### ACTIVITY
With the material below, print exactly the lines between the line holding "लिया KOTPUTLI-BEHROR: कैफों" and the line holding "387 Shay Drive - Photo Thumbnail 11", inclusive. Add nothing else.

### GIVEN RECORDS

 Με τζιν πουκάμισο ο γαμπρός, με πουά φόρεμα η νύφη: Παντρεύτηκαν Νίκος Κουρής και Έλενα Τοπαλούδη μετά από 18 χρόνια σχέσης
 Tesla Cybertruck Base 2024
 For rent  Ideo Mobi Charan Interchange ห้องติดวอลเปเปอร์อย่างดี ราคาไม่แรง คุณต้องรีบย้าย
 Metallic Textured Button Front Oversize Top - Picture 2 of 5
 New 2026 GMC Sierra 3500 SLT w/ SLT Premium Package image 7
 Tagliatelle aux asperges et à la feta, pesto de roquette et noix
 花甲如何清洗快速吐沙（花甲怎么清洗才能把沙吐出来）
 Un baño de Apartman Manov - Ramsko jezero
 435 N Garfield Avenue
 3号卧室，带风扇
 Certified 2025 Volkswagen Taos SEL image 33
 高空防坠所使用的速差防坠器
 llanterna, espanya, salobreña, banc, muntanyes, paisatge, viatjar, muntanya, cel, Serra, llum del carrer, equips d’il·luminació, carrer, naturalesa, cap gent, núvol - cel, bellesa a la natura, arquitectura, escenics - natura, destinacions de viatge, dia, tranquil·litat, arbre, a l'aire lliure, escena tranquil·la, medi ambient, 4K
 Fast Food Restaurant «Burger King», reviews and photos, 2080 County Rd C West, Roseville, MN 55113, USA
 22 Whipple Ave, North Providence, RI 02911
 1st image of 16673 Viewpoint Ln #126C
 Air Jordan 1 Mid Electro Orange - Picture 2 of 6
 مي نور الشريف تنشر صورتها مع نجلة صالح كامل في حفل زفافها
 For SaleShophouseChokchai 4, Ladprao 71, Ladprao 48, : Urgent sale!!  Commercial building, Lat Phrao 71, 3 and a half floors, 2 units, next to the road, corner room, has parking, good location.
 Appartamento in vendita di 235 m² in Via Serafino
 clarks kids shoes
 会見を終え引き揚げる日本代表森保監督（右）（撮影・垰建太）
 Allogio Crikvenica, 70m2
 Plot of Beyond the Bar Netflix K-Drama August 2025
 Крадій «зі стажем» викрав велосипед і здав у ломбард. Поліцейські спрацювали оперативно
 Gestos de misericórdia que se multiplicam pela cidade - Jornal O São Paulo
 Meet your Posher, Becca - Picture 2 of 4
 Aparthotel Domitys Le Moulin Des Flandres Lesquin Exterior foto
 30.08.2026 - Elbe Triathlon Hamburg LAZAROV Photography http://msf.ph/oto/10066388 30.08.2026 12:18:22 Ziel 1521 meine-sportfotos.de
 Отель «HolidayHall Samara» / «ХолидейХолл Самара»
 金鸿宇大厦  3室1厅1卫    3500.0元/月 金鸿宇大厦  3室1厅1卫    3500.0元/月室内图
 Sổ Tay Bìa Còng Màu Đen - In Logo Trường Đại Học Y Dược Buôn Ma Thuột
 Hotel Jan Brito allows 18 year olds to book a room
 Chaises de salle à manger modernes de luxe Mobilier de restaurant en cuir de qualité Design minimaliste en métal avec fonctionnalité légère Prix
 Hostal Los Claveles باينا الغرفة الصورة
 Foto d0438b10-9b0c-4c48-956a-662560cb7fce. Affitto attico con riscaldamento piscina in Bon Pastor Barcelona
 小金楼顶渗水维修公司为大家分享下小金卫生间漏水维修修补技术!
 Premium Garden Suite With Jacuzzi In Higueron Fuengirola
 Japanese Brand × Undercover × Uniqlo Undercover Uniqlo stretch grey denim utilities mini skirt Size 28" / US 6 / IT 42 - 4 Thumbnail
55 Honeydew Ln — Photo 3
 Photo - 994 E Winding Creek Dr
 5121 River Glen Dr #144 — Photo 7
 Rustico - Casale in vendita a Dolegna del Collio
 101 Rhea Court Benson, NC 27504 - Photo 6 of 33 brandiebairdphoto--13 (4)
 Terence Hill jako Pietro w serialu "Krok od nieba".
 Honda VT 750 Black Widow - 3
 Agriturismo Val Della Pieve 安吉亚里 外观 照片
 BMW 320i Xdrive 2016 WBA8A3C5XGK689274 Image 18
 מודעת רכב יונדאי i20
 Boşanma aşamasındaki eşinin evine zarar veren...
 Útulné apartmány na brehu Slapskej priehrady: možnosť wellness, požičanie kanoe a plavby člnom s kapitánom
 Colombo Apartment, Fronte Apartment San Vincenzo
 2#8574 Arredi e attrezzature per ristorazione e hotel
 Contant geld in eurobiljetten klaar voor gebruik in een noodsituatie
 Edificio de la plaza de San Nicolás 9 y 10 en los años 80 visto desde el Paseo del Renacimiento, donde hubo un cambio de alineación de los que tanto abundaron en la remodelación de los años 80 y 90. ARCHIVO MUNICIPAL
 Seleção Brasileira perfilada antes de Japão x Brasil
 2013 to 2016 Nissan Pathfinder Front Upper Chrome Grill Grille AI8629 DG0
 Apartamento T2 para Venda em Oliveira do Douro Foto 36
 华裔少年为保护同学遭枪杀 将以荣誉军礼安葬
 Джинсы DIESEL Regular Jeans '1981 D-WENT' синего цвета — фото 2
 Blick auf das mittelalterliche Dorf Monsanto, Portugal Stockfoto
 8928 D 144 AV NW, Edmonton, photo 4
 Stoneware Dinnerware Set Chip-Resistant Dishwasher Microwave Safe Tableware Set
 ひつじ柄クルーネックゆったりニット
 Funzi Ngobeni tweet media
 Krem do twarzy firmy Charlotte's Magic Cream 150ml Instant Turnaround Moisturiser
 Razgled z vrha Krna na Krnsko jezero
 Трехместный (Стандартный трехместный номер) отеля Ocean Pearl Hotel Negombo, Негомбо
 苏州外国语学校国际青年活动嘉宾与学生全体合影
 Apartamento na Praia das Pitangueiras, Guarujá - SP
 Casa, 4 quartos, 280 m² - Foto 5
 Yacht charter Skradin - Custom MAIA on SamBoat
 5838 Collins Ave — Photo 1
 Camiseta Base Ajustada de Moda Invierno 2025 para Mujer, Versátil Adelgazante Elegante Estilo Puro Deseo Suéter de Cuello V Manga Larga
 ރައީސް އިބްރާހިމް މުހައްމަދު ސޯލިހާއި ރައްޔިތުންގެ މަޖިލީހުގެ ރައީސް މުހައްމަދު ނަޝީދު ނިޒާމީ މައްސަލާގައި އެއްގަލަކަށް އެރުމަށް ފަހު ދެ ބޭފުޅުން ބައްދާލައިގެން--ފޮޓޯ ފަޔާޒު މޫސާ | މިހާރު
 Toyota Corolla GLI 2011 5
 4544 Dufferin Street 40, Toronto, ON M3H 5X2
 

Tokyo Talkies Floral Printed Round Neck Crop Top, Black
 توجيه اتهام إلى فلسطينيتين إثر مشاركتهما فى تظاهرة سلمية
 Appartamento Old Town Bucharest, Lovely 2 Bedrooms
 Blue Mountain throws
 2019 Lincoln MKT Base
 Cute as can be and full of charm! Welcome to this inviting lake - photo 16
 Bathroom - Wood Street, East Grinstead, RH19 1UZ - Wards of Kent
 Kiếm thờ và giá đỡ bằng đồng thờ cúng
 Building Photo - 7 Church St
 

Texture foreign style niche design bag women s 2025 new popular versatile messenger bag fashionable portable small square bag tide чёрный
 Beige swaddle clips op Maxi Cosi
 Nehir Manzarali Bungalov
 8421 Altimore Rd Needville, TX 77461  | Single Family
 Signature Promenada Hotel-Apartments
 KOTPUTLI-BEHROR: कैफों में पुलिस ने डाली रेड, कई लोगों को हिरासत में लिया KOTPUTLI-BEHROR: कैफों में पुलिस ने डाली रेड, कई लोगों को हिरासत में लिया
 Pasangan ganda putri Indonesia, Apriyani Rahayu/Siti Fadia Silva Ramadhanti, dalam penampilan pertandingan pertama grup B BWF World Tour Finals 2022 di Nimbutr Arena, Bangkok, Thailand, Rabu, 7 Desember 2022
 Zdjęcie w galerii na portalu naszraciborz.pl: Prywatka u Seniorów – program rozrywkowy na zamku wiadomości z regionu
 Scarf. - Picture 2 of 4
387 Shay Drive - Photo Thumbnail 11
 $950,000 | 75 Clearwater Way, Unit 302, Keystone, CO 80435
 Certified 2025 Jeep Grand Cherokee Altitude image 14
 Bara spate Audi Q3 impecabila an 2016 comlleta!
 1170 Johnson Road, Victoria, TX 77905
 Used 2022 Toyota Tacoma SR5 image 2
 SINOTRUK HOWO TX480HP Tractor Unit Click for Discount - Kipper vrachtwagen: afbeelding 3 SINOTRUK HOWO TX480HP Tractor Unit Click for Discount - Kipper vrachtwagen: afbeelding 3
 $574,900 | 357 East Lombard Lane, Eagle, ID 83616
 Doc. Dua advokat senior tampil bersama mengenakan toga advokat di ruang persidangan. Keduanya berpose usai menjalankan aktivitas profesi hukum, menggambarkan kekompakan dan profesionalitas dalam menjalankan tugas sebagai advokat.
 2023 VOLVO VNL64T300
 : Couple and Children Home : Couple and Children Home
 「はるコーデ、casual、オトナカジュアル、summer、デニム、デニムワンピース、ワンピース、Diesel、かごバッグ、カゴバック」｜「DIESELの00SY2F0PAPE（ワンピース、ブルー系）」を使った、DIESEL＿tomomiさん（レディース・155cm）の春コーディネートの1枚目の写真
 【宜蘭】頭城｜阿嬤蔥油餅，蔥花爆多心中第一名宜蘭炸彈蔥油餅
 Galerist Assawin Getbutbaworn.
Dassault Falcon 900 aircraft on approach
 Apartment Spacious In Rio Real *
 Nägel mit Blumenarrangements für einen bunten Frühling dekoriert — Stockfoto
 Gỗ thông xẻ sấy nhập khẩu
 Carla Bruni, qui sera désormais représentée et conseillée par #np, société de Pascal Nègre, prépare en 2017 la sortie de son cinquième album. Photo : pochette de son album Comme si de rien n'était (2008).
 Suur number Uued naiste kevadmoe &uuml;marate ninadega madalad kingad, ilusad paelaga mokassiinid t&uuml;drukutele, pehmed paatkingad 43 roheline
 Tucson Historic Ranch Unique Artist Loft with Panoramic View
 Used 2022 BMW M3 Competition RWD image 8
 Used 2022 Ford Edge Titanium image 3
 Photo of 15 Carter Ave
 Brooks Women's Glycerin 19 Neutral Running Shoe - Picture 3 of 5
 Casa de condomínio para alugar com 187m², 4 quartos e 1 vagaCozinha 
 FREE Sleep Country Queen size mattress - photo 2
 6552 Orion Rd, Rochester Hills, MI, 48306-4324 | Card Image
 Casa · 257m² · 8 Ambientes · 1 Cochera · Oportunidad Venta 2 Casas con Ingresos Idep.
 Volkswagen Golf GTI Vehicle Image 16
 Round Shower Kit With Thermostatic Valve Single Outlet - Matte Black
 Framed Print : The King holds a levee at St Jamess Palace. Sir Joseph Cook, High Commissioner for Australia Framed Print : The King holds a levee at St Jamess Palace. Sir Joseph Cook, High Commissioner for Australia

### RESULT
 KOTPUTLI-BEHROR: कैफों में पुलिस ने डाली रेड, कई लोगों को हिरासत में लिया KOTPUTLI-BEHROR: कैफों में पुलिस ने डाली रेड, कई लोगों को हिरासत में लिया
 Pasangan ganda putri Indonesia, Apriyani Rahayu/Siti Fadia Silva Ramadhanti, dalam penampilan pertandingan pertama grup B BWF World Tour Finals 2022 di Nimbutr Arena, Bangkok, Thailand, Rabu, 7 Desember 2022
 Zdjęcie w galerii na portalu naszraciborz.pl: Prywatka u Seniorów – program rozrywkowy na zamku wiadomości z regionu
 Scarf. - Picture 2 of 4
387 Shay Drive - Photo Thumbnail 11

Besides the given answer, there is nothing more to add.